── DATASET RECORDS ──
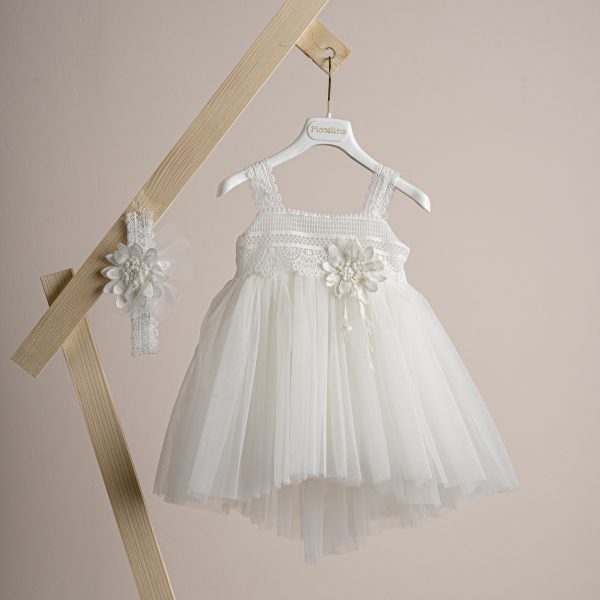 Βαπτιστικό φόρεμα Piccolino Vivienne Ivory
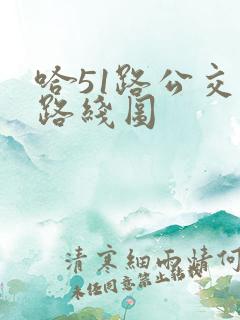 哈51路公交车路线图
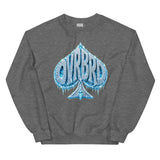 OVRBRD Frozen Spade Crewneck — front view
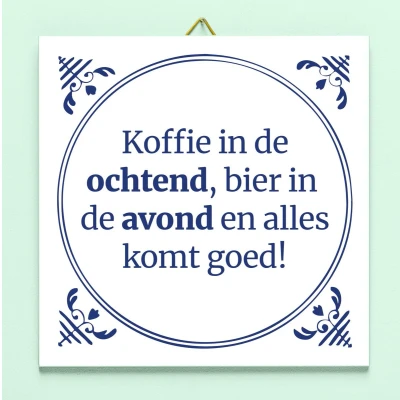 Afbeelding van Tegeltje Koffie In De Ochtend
───
── DATASET RECORDS ──
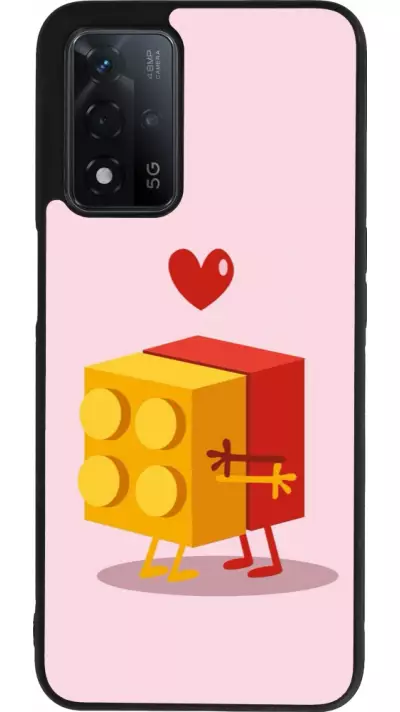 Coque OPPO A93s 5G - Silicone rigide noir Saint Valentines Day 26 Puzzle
───
── DATASET RECORDS ──
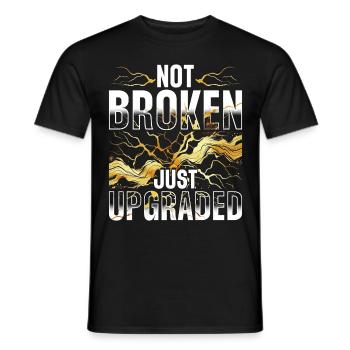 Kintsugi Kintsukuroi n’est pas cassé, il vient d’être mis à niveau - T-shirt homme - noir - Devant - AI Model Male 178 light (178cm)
───
(WHAT NEEDS TO BE DONE) Look back over the records above. Reproduce exactly everything from the line with "OVRBRD Frozen Spade Crewneck — front view" down to the line with "Afbeelding van Tegeltje Koffie In De Ochtend", inclusive, and leave the pictures out.

(OUTPUT BELOW)
 OVRBRD Frozen Spade Crewneck — front view
 Afbeelding van Tegeltje Koffie In De Ochtend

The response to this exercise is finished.